Short text fragments from websites
· · ·

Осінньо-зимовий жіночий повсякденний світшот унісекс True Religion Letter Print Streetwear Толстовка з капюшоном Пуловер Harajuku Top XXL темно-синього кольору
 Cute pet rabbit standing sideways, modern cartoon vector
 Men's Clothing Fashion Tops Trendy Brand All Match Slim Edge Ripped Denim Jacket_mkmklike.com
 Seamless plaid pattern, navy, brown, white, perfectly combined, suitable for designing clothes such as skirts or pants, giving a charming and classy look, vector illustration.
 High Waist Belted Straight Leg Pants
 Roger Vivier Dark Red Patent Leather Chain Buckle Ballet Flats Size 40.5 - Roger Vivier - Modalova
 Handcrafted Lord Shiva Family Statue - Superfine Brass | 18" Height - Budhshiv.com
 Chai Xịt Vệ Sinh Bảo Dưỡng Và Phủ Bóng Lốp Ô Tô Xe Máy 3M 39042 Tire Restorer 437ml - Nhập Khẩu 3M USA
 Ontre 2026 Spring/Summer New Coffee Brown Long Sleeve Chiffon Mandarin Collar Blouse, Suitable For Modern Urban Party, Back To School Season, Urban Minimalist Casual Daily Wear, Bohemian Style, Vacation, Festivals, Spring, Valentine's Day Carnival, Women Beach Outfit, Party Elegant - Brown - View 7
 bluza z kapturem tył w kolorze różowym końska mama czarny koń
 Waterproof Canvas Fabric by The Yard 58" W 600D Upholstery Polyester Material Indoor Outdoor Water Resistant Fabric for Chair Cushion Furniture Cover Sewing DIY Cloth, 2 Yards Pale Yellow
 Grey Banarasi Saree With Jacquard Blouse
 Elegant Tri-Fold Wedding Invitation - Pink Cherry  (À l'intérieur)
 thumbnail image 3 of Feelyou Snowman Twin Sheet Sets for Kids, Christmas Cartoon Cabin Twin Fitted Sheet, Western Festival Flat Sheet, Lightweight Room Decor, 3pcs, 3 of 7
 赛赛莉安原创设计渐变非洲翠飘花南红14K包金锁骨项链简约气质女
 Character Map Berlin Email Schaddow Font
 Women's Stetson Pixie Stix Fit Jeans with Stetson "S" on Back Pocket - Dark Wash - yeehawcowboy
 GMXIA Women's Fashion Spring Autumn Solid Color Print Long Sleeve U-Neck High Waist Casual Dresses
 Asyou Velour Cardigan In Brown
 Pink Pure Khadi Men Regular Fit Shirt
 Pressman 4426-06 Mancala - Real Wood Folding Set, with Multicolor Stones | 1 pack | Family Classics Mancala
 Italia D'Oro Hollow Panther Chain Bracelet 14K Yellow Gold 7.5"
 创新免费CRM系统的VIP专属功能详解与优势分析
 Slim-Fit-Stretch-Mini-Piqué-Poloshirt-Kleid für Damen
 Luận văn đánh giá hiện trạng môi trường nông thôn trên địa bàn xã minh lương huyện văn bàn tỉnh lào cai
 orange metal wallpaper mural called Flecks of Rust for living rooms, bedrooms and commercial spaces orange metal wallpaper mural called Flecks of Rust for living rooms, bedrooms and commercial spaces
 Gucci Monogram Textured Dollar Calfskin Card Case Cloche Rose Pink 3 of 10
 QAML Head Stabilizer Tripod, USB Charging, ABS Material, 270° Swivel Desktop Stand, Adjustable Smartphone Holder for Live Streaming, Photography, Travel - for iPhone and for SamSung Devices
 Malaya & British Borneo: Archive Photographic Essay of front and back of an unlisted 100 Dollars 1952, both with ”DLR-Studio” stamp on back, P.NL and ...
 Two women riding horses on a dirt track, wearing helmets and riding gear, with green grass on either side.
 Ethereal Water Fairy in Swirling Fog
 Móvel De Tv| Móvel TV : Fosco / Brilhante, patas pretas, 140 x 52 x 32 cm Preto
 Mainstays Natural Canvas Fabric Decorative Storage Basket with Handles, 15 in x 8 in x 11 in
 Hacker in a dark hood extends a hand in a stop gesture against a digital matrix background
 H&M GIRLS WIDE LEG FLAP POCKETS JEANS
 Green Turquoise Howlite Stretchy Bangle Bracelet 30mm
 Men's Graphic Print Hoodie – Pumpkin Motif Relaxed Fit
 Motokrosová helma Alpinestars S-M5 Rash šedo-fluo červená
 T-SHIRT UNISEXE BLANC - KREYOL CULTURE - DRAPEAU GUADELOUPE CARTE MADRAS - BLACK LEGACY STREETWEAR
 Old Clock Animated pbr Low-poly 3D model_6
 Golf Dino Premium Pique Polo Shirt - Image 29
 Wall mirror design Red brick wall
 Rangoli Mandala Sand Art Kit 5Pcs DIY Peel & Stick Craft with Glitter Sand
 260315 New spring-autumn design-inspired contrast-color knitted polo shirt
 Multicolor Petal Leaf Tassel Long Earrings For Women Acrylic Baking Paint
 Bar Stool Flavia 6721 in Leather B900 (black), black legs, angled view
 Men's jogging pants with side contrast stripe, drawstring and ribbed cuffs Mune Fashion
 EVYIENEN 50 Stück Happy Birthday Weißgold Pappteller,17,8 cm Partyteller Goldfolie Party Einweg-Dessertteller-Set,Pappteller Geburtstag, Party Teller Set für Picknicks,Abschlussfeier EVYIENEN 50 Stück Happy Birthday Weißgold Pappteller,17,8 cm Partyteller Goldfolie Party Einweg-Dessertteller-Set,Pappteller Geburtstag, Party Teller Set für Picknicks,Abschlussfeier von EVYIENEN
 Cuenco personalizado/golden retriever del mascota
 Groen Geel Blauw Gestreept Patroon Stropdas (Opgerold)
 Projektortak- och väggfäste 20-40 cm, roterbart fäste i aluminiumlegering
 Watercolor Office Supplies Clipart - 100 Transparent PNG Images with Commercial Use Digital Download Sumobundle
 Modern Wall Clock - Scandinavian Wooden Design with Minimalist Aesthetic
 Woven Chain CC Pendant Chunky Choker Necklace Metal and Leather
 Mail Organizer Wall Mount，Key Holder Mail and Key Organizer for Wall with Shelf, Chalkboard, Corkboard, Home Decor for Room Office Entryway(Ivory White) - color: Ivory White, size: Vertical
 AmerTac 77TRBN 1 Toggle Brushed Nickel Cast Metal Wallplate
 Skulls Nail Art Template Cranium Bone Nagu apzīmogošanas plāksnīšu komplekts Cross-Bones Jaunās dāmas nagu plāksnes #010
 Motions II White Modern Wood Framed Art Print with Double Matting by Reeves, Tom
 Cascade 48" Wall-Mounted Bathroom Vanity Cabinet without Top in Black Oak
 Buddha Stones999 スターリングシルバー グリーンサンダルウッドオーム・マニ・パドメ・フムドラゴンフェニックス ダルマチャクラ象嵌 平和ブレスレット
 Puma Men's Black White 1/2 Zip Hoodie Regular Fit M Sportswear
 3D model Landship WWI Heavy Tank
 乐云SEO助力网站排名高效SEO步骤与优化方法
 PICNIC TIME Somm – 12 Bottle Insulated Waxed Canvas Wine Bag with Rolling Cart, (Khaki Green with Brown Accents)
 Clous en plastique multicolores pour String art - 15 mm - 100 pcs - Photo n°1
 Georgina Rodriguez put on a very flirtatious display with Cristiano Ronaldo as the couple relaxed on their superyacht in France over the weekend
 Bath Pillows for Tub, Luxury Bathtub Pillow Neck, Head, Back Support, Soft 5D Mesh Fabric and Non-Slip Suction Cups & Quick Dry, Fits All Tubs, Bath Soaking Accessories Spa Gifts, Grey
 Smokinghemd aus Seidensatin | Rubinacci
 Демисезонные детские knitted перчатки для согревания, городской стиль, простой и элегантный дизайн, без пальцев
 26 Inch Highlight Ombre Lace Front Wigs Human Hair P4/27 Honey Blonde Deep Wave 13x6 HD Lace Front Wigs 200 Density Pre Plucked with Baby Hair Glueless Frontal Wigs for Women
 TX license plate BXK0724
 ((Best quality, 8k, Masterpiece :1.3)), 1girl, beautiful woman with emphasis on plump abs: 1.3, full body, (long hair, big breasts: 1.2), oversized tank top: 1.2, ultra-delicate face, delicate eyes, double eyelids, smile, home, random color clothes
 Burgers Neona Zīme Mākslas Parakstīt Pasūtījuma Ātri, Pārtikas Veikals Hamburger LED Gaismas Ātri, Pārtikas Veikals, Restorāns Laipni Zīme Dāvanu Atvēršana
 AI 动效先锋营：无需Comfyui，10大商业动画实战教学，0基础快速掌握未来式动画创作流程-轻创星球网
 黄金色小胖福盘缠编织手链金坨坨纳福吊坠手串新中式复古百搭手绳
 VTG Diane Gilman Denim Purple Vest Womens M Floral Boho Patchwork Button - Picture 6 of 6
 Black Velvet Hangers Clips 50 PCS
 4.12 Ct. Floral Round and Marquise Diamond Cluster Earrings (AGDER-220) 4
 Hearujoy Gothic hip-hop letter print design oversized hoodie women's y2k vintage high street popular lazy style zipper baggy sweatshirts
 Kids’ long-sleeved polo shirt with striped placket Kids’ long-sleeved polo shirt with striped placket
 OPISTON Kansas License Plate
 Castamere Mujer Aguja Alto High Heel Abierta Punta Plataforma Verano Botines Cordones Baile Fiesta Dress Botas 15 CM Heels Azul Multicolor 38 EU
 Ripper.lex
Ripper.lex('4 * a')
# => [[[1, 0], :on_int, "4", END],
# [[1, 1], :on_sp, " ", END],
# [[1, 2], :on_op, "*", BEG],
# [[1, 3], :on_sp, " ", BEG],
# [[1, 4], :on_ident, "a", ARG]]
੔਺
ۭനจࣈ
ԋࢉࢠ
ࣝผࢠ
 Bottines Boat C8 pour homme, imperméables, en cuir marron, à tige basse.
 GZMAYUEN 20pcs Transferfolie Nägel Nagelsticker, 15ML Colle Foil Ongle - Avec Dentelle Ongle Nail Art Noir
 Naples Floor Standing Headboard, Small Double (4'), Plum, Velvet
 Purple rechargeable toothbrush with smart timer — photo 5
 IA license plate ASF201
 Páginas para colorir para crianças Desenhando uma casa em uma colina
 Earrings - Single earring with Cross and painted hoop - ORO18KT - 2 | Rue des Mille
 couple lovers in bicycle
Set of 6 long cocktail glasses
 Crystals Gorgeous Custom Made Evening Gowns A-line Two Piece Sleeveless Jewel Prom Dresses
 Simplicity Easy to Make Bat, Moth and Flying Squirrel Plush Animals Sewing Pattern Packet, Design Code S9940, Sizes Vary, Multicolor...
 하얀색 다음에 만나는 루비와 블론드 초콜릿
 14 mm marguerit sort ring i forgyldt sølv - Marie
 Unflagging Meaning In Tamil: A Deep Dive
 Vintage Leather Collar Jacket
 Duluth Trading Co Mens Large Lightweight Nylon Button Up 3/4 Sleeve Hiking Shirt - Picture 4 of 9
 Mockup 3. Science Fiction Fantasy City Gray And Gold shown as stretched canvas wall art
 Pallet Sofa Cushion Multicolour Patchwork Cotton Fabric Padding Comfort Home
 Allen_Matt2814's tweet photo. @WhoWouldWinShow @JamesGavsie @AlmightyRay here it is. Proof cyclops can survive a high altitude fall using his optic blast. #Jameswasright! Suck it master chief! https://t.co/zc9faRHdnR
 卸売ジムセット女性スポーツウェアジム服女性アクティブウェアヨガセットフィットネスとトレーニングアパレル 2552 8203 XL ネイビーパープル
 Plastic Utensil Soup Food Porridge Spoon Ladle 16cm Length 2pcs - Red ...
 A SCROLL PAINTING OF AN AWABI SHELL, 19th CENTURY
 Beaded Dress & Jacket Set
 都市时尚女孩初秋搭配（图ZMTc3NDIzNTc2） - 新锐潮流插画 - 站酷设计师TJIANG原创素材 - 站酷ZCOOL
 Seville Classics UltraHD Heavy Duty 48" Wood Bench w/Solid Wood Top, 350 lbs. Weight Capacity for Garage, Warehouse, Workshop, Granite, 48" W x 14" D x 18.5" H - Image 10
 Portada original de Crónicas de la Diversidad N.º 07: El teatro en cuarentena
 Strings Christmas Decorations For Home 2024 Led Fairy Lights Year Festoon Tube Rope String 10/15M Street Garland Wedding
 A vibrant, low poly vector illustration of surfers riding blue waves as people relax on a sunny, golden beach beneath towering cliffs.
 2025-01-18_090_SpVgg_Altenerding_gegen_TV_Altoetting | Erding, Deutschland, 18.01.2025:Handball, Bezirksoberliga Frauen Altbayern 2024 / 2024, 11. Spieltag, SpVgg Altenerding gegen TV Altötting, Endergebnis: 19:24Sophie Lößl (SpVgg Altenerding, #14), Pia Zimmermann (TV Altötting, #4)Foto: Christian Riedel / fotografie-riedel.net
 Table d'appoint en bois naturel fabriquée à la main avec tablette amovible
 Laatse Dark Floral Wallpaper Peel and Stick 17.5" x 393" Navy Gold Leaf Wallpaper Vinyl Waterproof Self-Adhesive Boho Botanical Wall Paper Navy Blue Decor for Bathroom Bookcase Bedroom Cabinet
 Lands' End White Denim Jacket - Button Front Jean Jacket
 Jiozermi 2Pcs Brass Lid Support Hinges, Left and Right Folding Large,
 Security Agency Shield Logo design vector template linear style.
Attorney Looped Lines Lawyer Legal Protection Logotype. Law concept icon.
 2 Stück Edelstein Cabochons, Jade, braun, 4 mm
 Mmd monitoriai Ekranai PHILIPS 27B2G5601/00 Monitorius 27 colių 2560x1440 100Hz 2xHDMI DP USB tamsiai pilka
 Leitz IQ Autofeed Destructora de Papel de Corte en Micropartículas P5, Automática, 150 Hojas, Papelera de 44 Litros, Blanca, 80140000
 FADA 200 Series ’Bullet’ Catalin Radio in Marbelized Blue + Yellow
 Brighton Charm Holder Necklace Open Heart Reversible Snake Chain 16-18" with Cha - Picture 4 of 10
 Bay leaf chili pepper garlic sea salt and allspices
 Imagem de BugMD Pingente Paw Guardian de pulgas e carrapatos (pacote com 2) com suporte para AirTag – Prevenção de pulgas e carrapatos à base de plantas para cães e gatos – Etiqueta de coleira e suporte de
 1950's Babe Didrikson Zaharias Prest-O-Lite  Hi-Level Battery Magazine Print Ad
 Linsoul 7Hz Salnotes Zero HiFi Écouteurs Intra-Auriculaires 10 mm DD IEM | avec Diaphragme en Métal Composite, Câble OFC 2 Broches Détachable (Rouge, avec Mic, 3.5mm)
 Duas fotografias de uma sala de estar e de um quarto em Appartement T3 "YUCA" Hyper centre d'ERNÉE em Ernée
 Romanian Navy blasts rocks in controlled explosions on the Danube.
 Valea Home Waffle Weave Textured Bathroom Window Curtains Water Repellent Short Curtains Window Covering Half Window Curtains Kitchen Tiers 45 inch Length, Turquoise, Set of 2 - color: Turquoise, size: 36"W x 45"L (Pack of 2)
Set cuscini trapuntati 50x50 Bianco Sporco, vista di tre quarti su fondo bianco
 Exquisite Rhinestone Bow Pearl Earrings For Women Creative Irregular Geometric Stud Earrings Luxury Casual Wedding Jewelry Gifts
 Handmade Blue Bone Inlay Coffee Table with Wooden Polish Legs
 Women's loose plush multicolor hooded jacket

· · ·

Among the records above, repeat exactly the line with "Plastic Utensil Soup", the line with "Table d'appoint en", and every line in between, and only those.

 Plastic Utensil Soup Food Porridge Spoon Ladle 16cm Length 2pcs - Red ...
 A SCROLL PAINTING OF AN AWABI SHELL, 19th CENTURY
 Beaded Dress & Jacket Set
 都市时尚女孩初秋搭配（图ZMTc3NDIzNTc2） - 新锐潮流插画 - 站酷设计师TJIANG原创素材 - 站酷ZCOOL
 Seville Classics UltraHD Heavy Duty 48" Wood Bench w/Solid Wood Top, 350 lbs. Weight Capacity for Garage, Warehouse, Workshop, Granite, 48" W x 14" D x 18.5" H - Image 10
 Portada original de Crónicas de la Diversidad N.º 07: El teatro en cuarentena
 Strings Christmas Decorations For Home 2024 Led Fairy Lights Year Festoon Tube Rope String 10/15M Street Garland Wedding
 A vibrant, low poly vector illustration of surfers riding blue waves as people relax on a sunny, golden beach beneath towering cliffs.
 2025-01-18_090_SpVgg_Altenerding_gegen_TV_Altoetting | Erding, Deutschland, 18.01.2025:Handball, Bezirksoberliga Frauen Altbayern 2024 / 2024, 11. Spieltag, SpVgg Altenerding gegen TV Altötting, Endergebnis: 19:24Sophie Lößl (SpVgg Altenerding, #14), Pia Zimmermann (TV Altötting, #4)Foto: Christian Riedel / fotografie-riedel.net
 Table d'appoint en bois naturel fabriquée à la main avec tablette amovible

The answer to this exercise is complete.